• **TASK STATEMENT**: Retype the listing exactly, minus its pictures.

TASK INPUTS section start

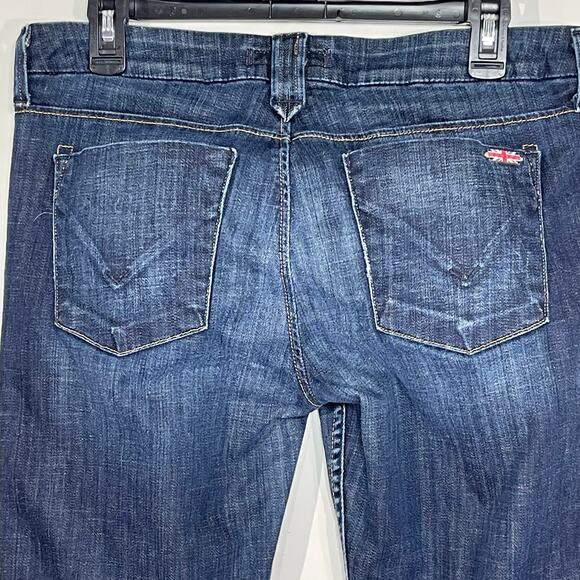 HUDSON Women’s Bootcut Lowrise Jeans Made in the USA size 31 - Picture 8 of 8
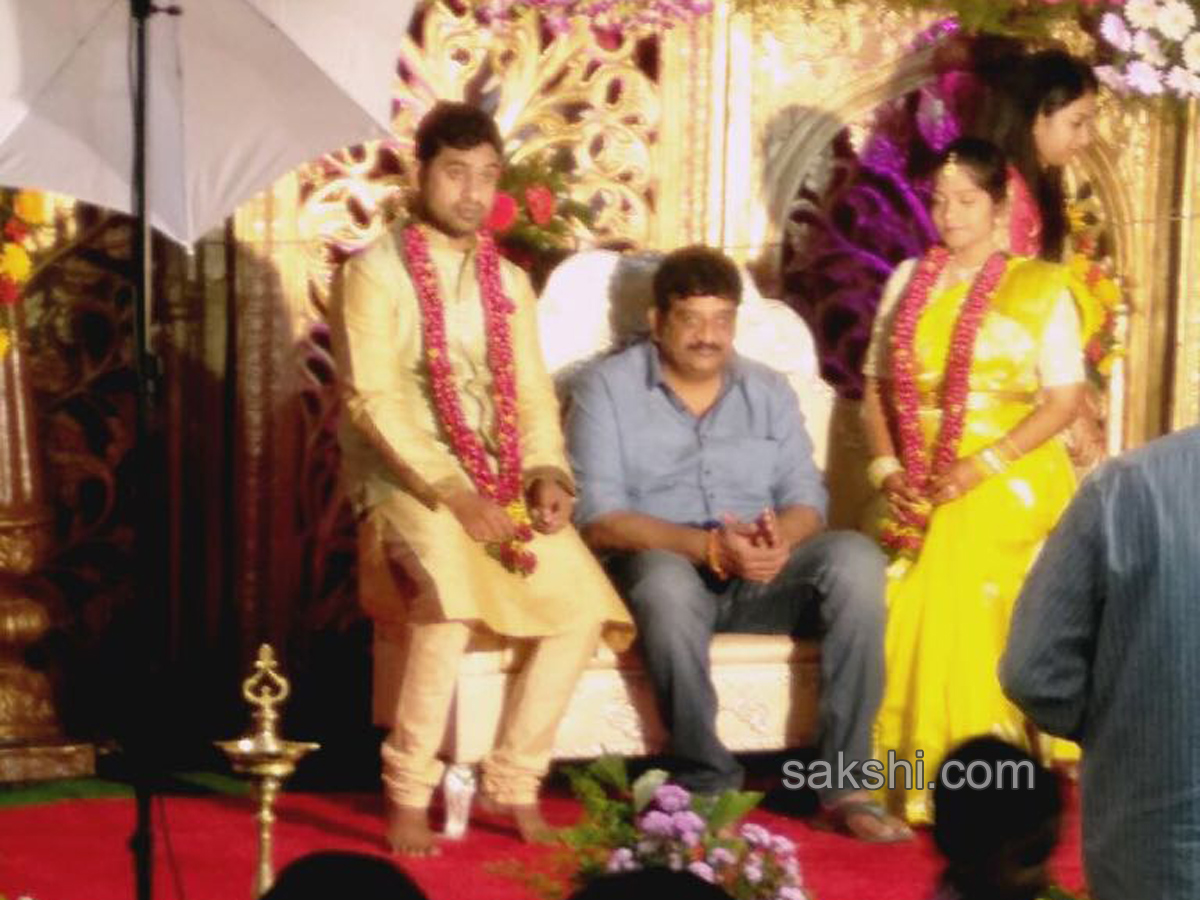 actor chinnas daughter wedding reception - Sakshi - Sakshi - Sakshi - Sakshi11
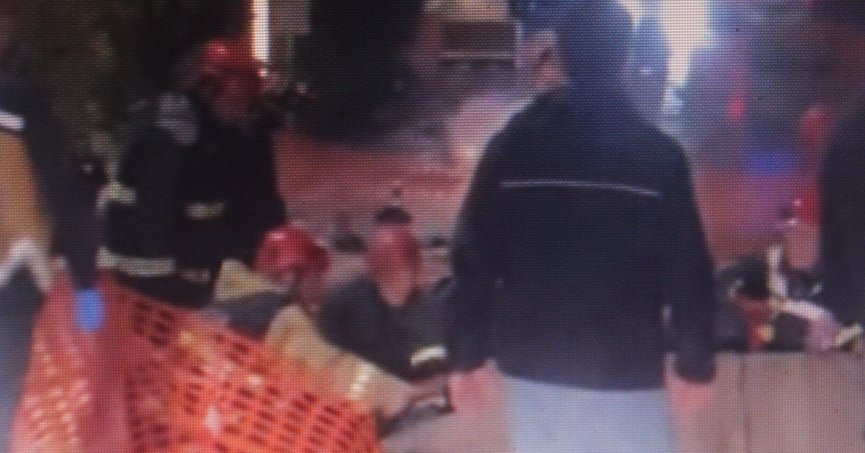 Belediye hep çöken yolda siste  önlem almadı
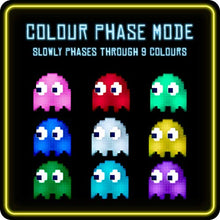 Load image into Gallery viewer, Pac-Man Ghost Light – Retro Arcade LED Mood Lamp
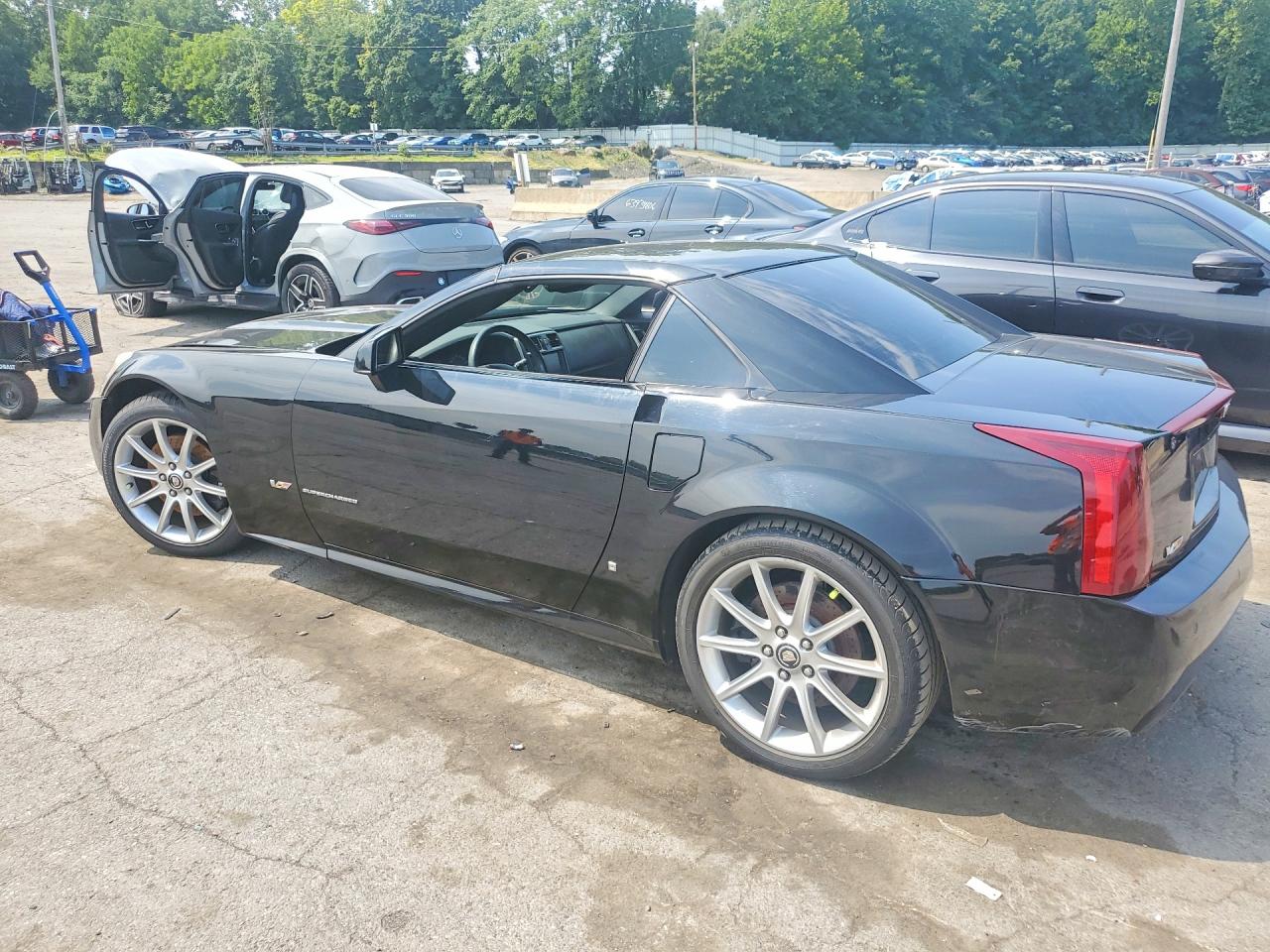 2006 Cadillac Xlr-v Black vin: 1G6YX36DX65603904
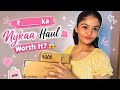 Nykaa Haul 😱 Worth It or Waste? Honest Review 💄✨ | Aashii Studio #youtube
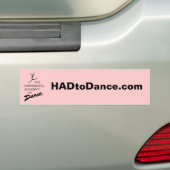 HADtoDance.com-Autoaufkleber Autoaufkleber (Auf Auto)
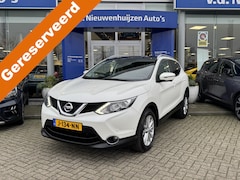 Nissan Qashqai - 1.2 Tekna Leer, Elektrisch verst. stoel, 360 Camera, Trekhaak info: M. Safari 0492588976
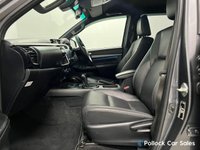 USED 2024 24 TOYOTA HI-LUX 2.8 D-4D Invincible X Pickup Double Cab 4dr Diesel Auto 4WD Euro 6 (s/s) (204 ps) Chassis Underseal,Roller & Bars,360 Camera,CarPlay,Htd Lthr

TASK INPUTS section end

• **SOLUTION TO THE EXERCISE**:
 HUDSON Women’s Bootcut Lowrise Jeans Made in the USA size 31 - Picture 8 of 8
 actor chinnas daughter wedding reception - Sakshi - Sakshi - Sakshi - Sakshi11
 Belediye hep çöken yolda siste  önlem almadı
 Load image into Gallery viewer, Pac-Man Ghost Light – Retro Arcade LED Mood Lamp
 2006 Cadillac Xlr-v Black vin: 1G6YX36DX65603904
 Nykaa Haul 😱 Worth It or Waste? Honest Review 💄✨ | Aashii Studio #youtube
 HADtoDance.com-Autoaufkleber Autoaufkleber (Auf Auto)
 Nissan Qashqai - 1.2 Tekna Leer, Elektrisch verst. stoel, 360 Camera, Trekhaak info: M. Safari 0492588976
 USED 2024 24 TOYOTA HI-LUX 2.8 D-4D Invincible X Pickup Double Cab 4dr Diesel Auto 4WD Euro 6 (s/s) (204 ps) Chassis Underseal,Roller & Bars,360 Camera,CarPlay,Htd Lthr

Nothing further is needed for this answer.